FODMAP Intolerance vs. Gluten Sensitivity: How to Tell Which One You Have
Gluten sensitivity is the common label people reach for when bread and pasta make them feel bad. They cut wheat, feel better, and the diagnosis sticks. A large share of those people aren't reacting to gluten at all. They're reacting to fructans, a carbohydrate that happens to live in wheat alongside gluten. When you cut wheat, you cut both, and the gluten gets credit the research keeps pointing toward fructans.
This post walks through the difference, what the studies show, and how to test it for yourself. One thing up front: celiac disease is a real autoimmune condition, and that part of the story is not something to self-diagnose.
Three conditions that look the same from the outside
"Bread makes me feel bad" can mean three distinct things.
Celiac disease. An autoimmune disorder in which the immune system responds to gluten by attacking the lining of the small intestine. Johns Hopkins Medicine describes it as an autoimmune disease in genetically predisposed people, where gluten exposure damages the villi (the tiny absorptive bumps in the small intestine). Long-term, untreated celiac increases risk of nutrient deficiencies, bone disease, and other autoimmune conditions. Diagnosis involves blood antibody testing followed by an endoscopic biopsy of the small intestine, and it has to be done while gluten is still in the diet. Going gluten-free first makes the tests unreliable.

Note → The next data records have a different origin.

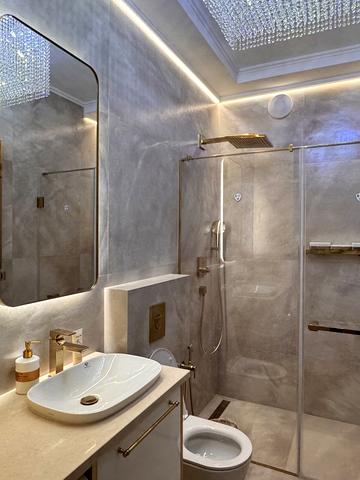 Богдана Хмельницького  вул., 220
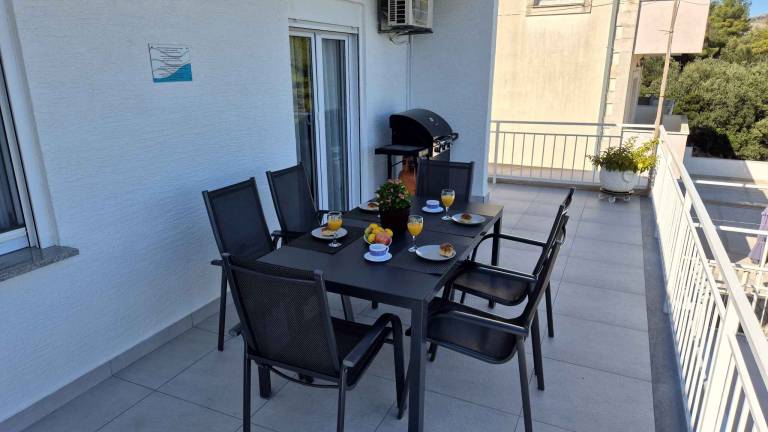 Rental apartment with yard, barbecue & terrace — photo 5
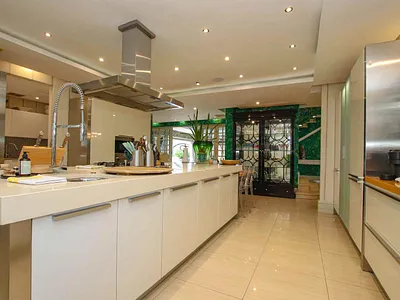 5 Bedroom House For Sale in Umhlanga - nkRC.webp
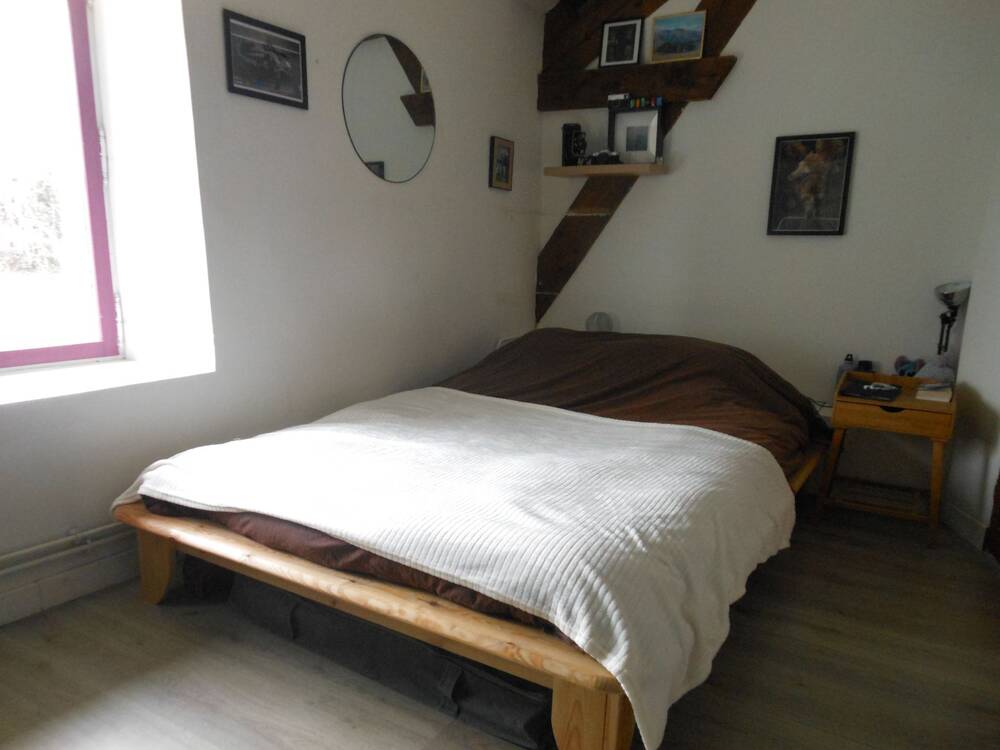 Vente Intéractive 190 m², 4 ch, dépendance et terrain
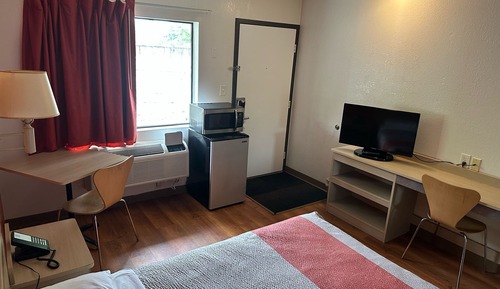 Queen Bed | Non-Smoking, Micfridge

Non-celiac gluten sensitivity (NCGS). A diagnosis of exclusion. Celiac and wheat allergy have both been ruled out, but the person still reports feeling better without gluten-containing foods. The Celiac Disease Foundation describes the symptom picture: bloating, abdominal pain, diarrhea, brain fog, headaches, fatigue. The mechanism is unclear. Researchers have proposed several candidates, and one of them is that the culprit isn't gluten at all.
FODMAP intolerance. The gut reacts to fermentable carbohydrates like fructans, lactose, and polyols. Wheat is one of the biggest sources of fructans in the typical Western diet. Onion and garlic are among the most fructan-dense common ingredients. When fructans are the trigger, wheat-based meals and onion-or-garlic-heavy meals tend to be what expose it, especially at larger portions. Gluten has nothing to do with it.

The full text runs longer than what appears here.